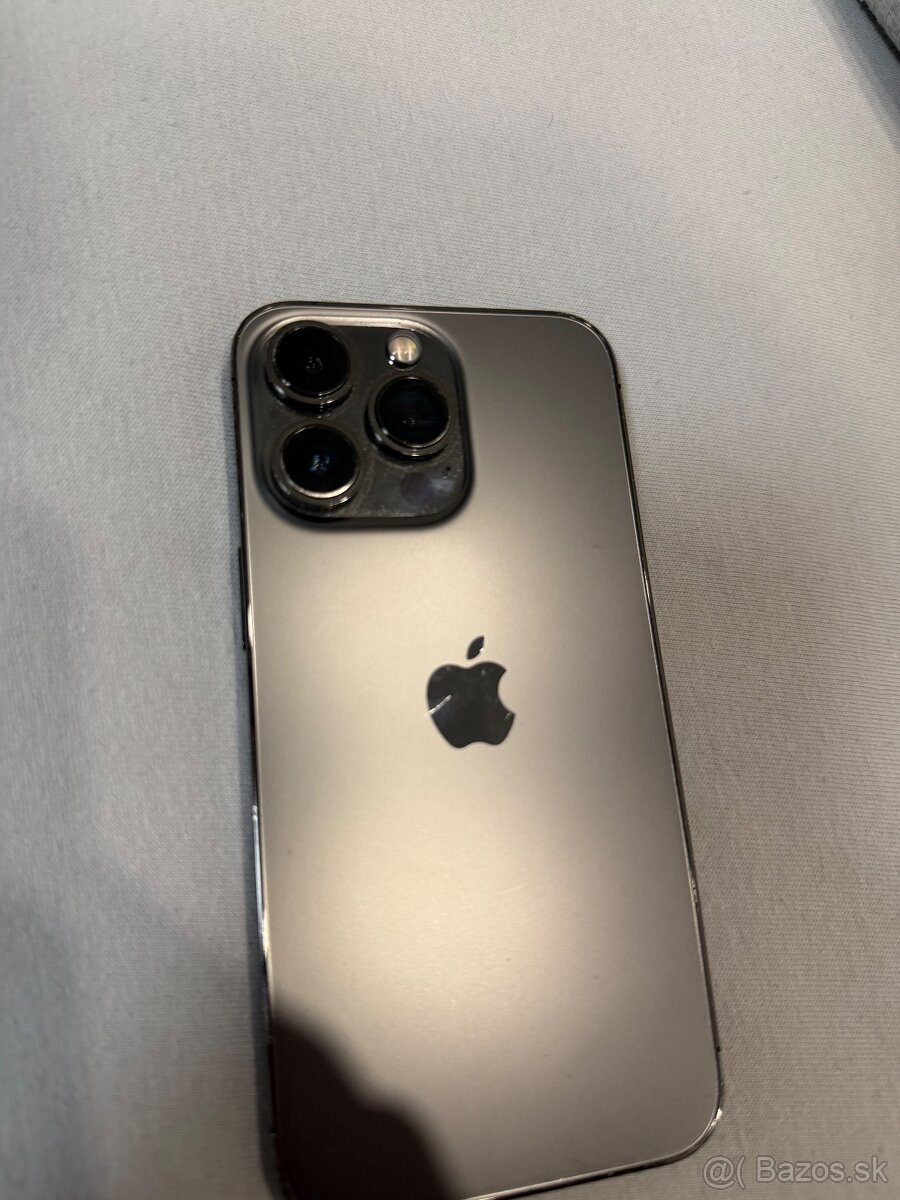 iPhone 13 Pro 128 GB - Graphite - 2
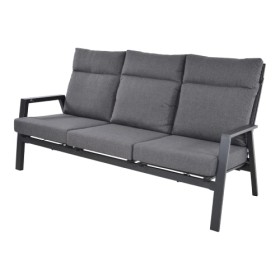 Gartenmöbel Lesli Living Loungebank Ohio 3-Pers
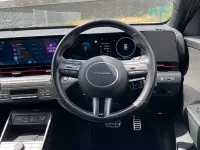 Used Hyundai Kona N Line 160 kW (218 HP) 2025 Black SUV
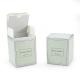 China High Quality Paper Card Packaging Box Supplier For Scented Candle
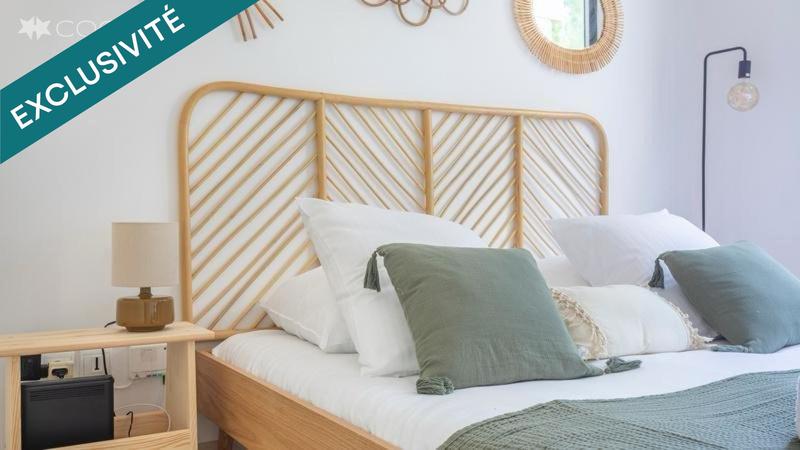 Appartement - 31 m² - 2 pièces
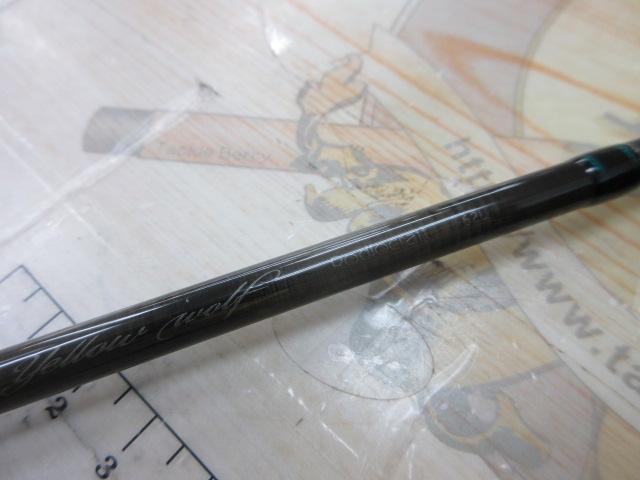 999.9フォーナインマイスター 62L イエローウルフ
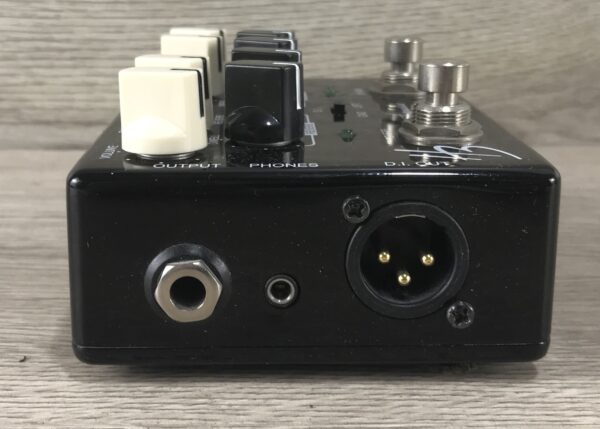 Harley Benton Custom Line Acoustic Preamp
☆ ☆ ☆
(WORK INSTRUCTIONS): All lines after and including the one with "Gartenmöbel Lesli Living", through the end of the entries above, should be output exactly and by themselves. The pictures are to be left out.

(TASK OUTPUT):
 Gartenmöbel Lesli Living Loungebank Ohio 3-Pers
 Used Hyundai Kona N Line 160 kW (218 HP) 2025 Black SUV
 China High Quality Paper Card Packaging Box Supplier For Scented Candle
 Appartement - 31 m² - 2 pièces
 999.9フォーナインマイスター 62L イエローウルフ
 Harley Benton Custom Line Acoustic Preamp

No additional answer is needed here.